__WORK INSTRUCTIONS__
For the material below, return exactly the lines starting at the line containing "A homelab router" and ending at the line containing "20 Latest Furniture", both ends included, and no others.

__RECORDS FOR THE TASK__
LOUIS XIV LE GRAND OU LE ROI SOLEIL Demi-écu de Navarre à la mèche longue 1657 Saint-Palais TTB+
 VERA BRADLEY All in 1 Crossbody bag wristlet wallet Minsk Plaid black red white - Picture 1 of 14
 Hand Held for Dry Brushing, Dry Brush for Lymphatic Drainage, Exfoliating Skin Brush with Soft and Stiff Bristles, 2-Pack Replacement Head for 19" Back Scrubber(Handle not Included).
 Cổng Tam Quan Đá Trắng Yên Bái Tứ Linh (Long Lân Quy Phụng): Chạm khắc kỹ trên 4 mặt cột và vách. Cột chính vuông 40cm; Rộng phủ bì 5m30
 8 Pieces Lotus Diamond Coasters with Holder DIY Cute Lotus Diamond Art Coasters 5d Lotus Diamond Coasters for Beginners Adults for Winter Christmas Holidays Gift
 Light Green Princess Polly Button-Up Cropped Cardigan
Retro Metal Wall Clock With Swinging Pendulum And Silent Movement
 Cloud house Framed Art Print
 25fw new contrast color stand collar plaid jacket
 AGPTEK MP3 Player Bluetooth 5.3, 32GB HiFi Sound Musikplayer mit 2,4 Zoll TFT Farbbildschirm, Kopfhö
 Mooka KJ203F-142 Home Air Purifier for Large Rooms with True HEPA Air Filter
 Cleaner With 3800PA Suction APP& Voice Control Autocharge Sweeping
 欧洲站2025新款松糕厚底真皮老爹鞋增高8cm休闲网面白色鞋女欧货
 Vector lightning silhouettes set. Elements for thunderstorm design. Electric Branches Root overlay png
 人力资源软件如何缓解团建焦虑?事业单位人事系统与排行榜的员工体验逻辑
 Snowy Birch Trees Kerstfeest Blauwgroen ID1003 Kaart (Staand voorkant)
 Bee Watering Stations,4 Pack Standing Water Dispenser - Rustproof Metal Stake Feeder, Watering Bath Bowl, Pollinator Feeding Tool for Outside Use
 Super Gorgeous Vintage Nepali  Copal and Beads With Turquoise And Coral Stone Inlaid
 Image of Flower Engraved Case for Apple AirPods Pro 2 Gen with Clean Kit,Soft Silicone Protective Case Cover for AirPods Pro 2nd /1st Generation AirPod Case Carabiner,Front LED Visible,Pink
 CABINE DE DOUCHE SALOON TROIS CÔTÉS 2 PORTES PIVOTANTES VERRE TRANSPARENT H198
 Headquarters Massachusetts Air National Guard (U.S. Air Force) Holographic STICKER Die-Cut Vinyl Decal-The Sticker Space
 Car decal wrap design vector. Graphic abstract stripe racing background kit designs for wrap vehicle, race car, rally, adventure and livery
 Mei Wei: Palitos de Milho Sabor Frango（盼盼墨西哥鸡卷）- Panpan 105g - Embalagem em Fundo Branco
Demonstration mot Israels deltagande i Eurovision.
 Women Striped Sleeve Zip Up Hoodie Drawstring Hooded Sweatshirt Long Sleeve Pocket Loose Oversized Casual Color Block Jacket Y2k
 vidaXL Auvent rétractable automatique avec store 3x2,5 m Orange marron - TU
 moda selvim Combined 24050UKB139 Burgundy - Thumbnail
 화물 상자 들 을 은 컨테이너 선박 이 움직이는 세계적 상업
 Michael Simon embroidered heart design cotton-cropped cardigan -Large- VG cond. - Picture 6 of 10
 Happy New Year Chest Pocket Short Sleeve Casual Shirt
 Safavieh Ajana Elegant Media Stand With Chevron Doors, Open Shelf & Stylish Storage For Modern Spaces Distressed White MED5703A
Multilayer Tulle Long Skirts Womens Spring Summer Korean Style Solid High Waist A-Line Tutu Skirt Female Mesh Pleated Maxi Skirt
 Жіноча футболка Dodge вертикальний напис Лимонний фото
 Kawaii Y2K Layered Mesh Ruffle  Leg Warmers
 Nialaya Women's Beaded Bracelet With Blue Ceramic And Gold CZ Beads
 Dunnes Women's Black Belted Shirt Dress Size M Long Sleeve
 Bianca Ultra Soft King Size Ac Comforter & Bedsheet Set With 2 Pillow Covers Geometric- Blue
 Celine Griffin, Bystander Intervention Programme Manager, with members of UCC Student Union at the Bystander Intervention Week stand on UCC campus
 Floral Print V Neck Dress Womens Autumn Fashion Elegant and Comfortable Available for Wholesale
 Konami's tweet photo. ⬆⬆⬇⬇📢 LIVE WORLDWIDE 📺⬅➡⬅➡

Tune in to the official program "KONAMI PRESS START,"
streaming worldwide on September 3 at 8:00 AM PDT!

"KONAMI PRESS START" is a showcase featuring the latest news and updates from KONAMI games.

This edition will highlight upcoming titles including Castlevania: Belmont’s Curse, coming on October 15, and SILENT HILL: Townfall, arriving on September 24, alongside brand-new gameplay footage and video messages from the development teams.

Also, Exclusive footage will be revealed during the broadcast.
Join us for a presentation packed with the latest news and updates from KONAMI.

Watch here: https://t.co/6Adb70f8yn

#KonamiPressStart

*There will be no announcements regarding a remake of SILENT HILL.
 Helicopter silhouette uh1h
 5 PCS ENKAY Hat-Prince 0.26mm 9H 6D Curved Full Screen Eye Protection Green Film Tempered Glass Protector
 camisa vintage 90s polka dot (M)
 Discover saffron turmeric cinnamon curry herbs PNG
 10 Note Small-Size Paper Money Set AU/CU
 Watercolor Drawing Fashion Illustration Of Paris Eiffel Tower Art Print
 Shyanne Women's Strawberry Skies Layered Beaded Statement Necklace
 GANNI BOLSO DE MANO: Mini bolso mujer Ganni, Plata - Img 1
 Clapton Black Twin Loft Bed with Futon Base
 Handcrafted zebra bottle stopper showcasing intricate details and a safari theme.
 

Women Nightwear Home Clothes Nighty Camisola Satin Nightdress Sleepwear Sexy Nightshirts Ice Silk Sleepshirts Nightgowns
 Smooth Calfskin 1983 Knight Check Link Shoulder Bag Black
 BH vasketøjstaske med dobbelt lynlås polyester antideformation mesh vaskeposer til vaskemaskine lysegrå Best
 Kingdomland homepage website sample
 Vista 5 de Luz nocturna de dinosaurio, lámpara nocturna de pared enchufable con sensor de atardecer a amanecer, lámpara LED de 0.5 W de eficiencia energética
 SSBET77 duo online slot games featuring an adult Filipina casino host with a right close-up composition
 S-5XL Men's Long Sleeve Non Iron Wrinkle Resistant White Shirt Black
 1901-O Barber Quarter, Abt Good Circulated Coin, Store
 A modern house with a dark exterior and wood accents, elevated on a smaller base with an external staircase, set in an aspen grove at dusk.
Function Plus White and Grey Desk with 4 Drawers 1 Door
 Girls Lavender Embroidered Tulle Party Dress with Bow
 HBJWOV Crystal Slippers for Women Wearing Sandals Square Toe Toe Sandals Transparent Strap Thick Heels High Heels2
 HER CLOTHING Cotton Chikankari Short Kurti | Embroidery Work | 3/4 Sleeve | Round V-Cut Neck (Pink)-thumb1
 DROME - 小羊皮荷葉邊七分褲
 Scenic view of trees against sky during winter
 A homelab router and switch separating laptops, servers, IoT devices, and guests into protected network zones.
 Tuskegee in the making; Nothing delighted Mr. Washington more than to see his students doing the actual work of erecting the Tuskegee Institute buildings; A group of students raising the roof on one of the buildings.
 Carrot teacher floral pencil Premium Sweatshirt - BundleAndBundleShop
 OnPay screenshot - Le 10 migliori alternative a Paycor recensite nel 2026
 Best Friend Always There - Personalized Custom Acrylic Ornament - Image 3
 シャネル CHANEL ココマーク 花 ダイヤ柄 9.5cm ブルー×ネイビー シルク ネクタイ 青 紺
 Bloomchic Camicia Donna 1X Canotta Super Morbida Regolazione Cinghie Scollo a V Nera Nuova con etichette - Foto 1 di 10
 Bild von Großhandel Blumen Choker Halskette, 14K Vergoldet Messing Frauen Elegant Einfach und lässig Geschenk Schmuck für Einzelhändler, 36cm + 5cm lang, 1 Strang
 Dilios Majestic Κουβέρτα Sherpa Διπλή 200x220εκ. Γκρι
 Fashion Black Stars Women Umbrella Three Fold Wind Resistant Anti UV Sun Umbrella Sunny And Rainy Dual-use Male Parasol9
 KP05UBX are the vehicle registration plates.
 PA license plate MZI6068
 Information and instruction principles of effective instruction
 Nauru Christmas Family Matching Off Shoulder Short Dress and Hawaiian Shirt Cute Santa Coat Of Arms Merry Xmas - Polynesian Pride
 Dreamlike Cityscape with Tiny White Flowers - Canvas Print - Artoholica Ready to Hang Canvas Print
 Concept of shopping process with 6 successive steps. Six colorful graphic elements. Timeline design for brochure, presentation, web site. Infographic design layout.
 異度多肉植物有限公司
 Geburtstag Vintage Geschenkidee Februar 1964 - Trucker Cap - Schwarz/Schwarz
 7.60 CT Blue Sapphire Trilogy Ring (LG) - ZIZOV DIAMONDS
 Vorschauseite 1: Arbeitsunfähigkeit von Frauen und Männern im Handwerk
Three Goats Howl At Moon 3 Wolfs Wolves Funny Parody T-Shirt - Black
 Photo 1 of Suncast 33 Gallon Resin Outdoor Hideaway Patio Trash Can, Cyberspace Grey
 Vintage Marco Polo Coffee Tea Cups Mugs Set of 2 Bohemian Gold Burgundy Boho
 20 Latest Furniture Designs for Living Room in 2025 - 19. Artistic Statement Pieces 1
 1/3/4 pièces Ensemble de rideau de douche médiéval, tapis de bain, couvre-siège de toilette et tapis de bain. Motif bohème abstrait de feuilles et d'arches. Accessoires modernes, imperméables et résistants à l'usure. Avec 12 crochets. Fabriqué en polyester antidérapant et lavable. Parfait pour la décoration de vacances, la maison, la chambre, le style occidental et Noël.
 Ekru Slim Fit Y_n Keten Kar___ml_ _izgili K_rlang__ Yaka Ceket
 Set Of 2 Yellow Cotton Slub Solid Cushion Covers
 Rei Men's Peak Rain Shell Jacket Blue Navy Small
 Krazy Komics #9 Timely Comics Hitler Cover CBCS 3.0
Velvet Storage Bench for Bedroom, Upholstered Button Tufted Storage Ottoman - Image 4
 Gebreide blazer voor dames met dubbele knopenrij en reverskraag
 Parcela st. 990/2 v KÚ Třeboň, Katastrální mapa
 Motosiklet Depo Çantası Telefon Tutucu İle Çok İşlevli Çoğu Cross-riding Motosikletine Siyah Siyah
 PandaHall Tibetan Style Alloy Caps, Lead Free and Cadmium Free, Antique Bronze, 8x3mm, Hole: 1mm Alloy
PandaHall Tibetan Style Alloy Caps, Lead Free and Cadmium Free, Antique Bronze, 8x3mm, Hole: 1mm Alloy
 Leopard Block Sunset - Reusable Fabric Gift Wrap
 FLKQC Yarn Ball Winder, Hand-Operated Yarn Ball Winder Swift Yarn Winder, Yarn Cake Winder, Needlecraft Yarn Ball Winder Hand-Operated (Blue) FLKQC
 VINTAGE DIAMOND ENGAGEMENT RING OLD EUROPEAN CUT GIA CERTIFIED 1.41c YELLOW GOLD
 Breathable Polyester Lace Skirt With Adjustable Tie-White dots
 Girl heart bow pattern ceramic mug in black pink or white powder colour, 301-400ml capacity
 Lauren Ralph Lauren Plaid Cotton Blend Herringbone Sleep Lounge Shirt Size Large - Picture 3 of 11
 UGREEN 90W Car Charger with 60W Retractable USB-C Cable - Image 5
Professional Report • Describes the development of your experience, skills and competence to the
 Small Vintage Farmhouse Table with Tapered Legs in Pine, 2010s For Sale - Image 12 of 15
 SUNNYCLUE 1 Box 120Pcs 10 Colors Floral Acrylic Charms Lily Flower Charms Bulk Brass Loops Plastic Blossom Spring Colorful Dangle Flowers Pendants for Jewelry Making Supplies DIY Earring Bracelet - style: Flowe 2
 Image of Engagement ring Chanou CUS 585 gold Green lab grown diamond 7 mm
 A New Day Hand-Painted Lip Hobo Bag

__ANSWER SECTION__
 A homelab router and switch separating laptops, servers, IoT devices, and guests into protected network zones.
 Tuskegee in the making; Nothing delighted Mr. Washington more than to see his students doing the actual work of erecting the Tuskegee Institute buildings; A group of students raising the roof on one of the buildings.
 Carrot teacher floral pencil Premium Sweatshirt - BundleAndBundleShop
 OnPay screenshot - Le 10 migliori alternative a Paycor recensite nel 2026
 Best Friend Always There - Personalized Custom Acrylic Ornament - Image 3
 シャネル CHANEL ココマーク 花 ダイヤ柄 9.5cm ブルー×ネイビー シルク ネクタイ 青 紺
 Bloomchic Camicia Donna 1X Canotta Super Morbida Regolazione Cinghie Scollo a V Nera Nuova con etichette - Foto 1 di 10
 Bild von Großhandel Blumen Choker Halskette, 14K Vergoldet Messing Frauen Elegant Einfach und lässig Geschenk Schmuck für Einzelhändler, 36cm + 5cm lang, 1 Strang
 Dilios Majestic Κουβέρτα Sherpa Διπλή 200x220εκ. Γκρι
 Fashion Black Stars Women Umbrella Three Fold Wind Resistant Anti UV Sun Umbrella Sunny And Rainy Dual-use Male Parasol9
 KP05UBX are the vehicle registration plates.
 PA license plate MZI6068
 Information and instruction principles of effective instruction
 Nauru Christmas Family Matching Off Shoulder Short Dress and Hawaiian Shirt Cute Santa Coat Of Arms Merry Xmas - Polynesian Pride
 Dreamlike Cityscape with Tiny White Flowers - Canvas Print - Artoholica Ready to Hang Canvas Print
 Concept of shopping process with 6 successive steps. Six colorful graphic elements. Timeline design for brochure, presentation, web site. Infographic design layout.
 異度多肉植物有限公司
 Geburtstag Vintage Geschenkidee Februar 1964 - Trucker Cap - Schwarz/Schwarz
 7.60 CT Blue Sapphire Trilogy Ring (LG) - ZIZOV DIAMONDS
 Vorschauseite 1: Arbeitsunfähigkeit von Frauen und Männern im Handwerk
Three Goats Howl At Moon 3 Wolfs Wolves Funny Parody T-Shirt - Black
 Photo 1 of Suncast 33 Gallon Resin Outdoor Hideaway Patio Trash Can, Cyberspace Grey
 Vintage Marco Polo Coffee Tea Cups Mugs Set of 2 Bohemian Gold Burgundy Boho
 20 Latest Furniture Designs for Living Room in 2025 - 19. Artistic Statement Pieces 1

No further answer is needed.